Intégration de niveau intermédiaire, intermédiaire ou basée sur la transformation : dans cette approche, des modèles d’intégration mathématiques sont appliqués aux multiples couches de données omiques. L’intégration intermédiaire se concentre sur la fusion de sous-ensembles ou de représentations extraites des sources. Deux sous-approches de l’intégration intermédiaire sont l’approche intermédiaire et l’approche intermédiaire. L’approche intermédiaire implique des scores concaténés obtenus à partir de la réduction de la dimensionnalité sur chaque bloc, ce qui la rend adaptée au traitement de données hétérogènes. Cependant, il peut manquer d’interprétabilité. L’approche intermédiaire implique la sélection de variables locales et l’analyse ultérieure de sous-ensembles de variables concaténées, ce qui permet une interprétation plus facile des modèles. L’intégration intermédiaire offre des avantages tels qu’un meilleur rapport signal/bruit, une dimensionnalité réduite et une puissance statistique améliorée.

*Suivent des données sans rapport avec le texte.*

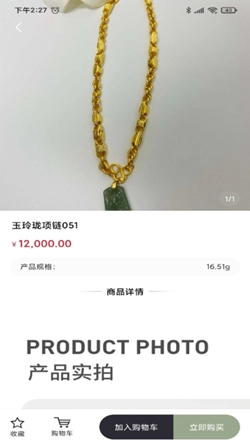 嘉骏珠宝原版图3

Intégration de haut niveau, tardive ou basée sur un modèle : cette approche consiste à effectuer des analyses à chaque niveau omique et à combiner les résultats de manière ad hoc. Il comprend la fusion des résultats de modèles à bloc unique pour identifier des biomarqueurs de chaque source et fournir une interprétation conjointe des résultats. L’intégration tardive n’augmente pas la dimensionnalité de l’espace d’entrée et fonctionne avec la distribution unique de chaque donnée omique. Il est particulièrement approprié lorsqu’une couche omique est plus prédictive que d’autres. Cependant, l’intégration tardive peut négliger les relations interomiques et faire face à des défis liés au manque de compréhension des connexions entre les blocs de données initiaux et à la perte potentielle d’informations biologiques par la modélisation individuelle.